You Know Me Well is a book about two people who sit next to each other in maths for a year without really getting to know each other until a crazy night out in San Francisco.
The plot moves really quickly and manages to cram an awful lot into what is only a medium-sized book. Which is good, because the book was never boring. However, the friendship between Mark and Kate felt rushed. Like they'd only known each other a day and they were already BFFs.
I found their alternate viewpoints both good and bad. Good because both the MCs were interesting people, but bad because in an already packed plot it just made things even more fast-paced and I didn't feel like I got to know Mark and Kate as much as I wanted to.

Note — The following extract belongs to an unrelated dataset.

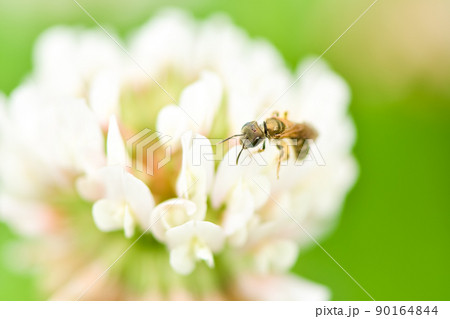 アカガネコハナバチ 90164844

I liked that this wasn't a coming-out book (not for the MCs anyway), but was more about already being out and trying to find who you are and where you fit into the world. And I liked the depiction of San Francisco Pride. It sounded like a hoot and a half.

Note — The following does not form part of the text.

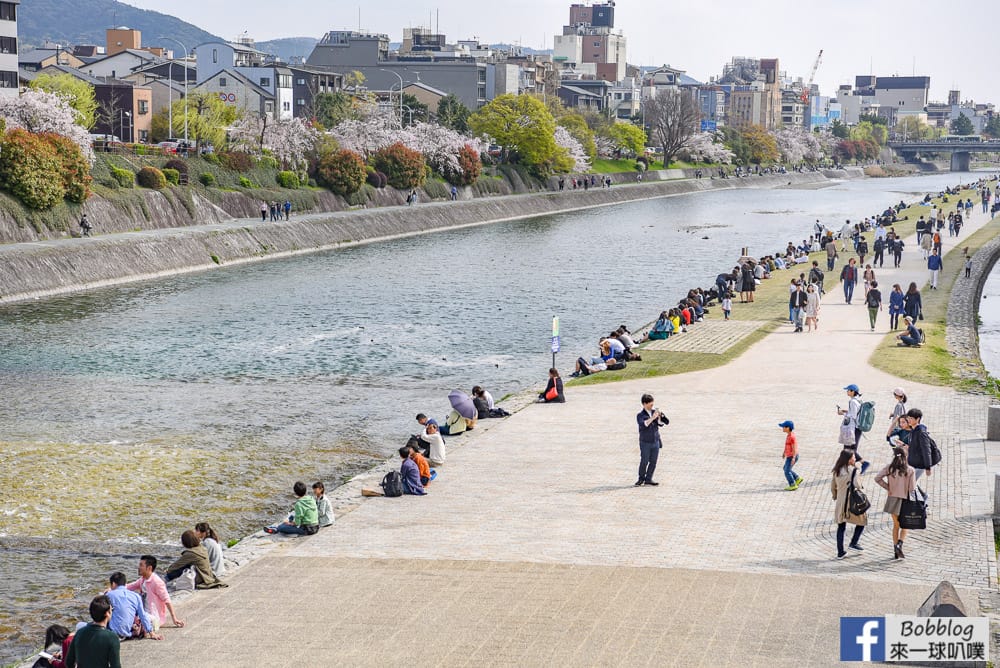 Kamogawa-sakura-25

This actually had a lot in common with Nina Lacour's other book, Everything Leads To You, in that inboth books the MC is an amazingly talented teenager. Like, seriously talented. In Everything Leads To You, the MC is barely eighteen but she has already been employed by a film studio to be a set designer. A set designer. For a film studio. In You Know Me Well, the MC is an amazingly talented artist, whose pictures raise thousands of dollars for charity when they are sold. It's just ... It makes the MCs seem older than they're supposed to be. Like they're thirty-something. When I was eighteen, I could barely find my arse with both hands. There's no effin' way I'd have had the talent or chutzpah to achieve the things Lacour's MCs do. No effin' way. And while this makes the MCs interesting, it doesn't make them real or relatable for the 99.9% of teenagers who don't achieve such greatness.
Not sure who I'd recommend this to because it didn't grab me as much as I'd hoped but it was still an okay read.